[Source records]
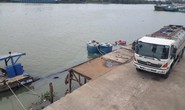 Thuyền chở hàng chục tấn hóa chất chìm trên sông Đồng Nai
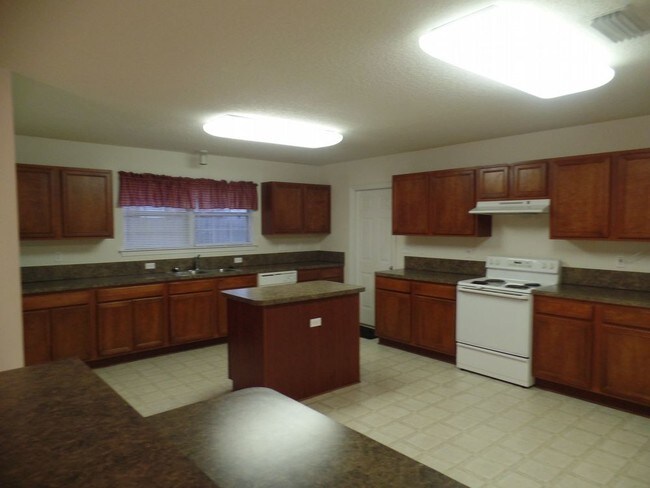 Building Photo - Pinecrest
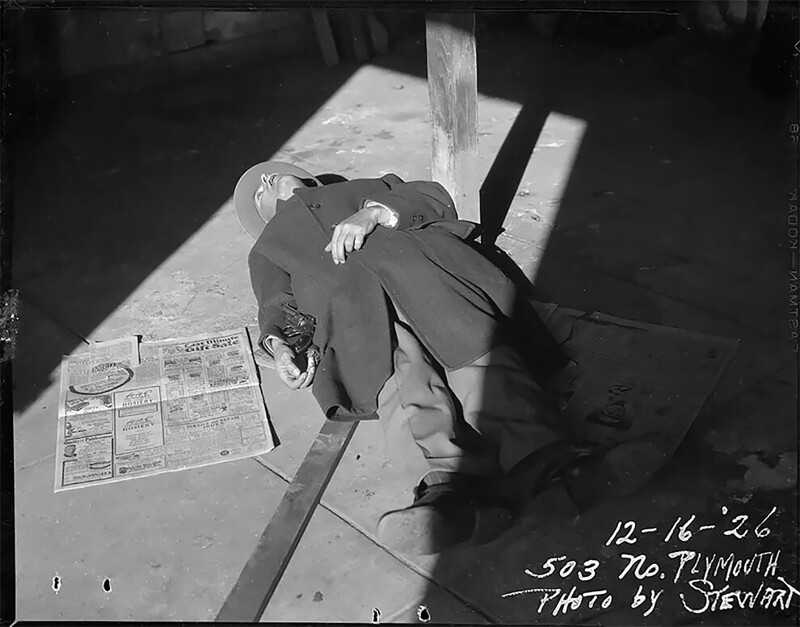 Убитый с пистолетом, 1926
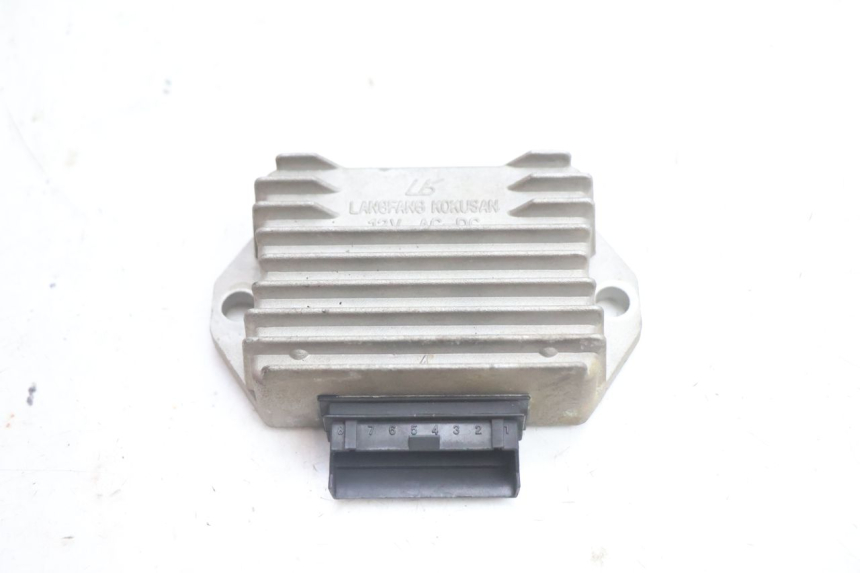 photo de REGULATEUR CHARGE PIAGGIO ZIP 2T 50 (2009 - 2019) - Vue principale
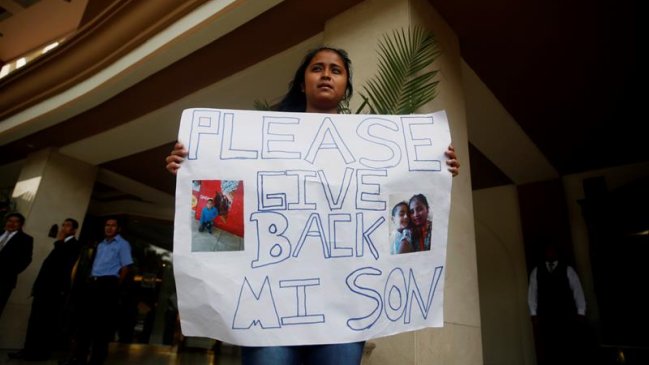 Gobierno de EEUU no cumplió plazo y solamente reunió a 34 niños con sus padres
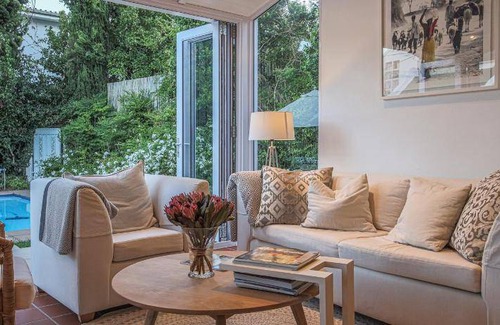 Stellenbosch Central Villa | 166 m² Villa ∙ 3 bedrooms ∙ 8 guests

**ACTIVITY**
Pictures are to be left out; all other data must be returned exactly.

**REPLY**
 Thuyền chở hàng chục tấn hóa chất chìm trên sông Đồng Nai
 Building Photo - Pinecrest
 Убитый с пистолетом, 1926
 photo de REGULATEUR CHARGE PIAGGIO ZIP 2T 50 (2009 - 2019) - Vue principale
 Gobierno de EEUU no cumplió plazo y solamente reunió a 34 niños con sus padres
 Stellenbosch Central Villa | 166 m² Villa ∙ 3 bedrooms ∙ 8 guests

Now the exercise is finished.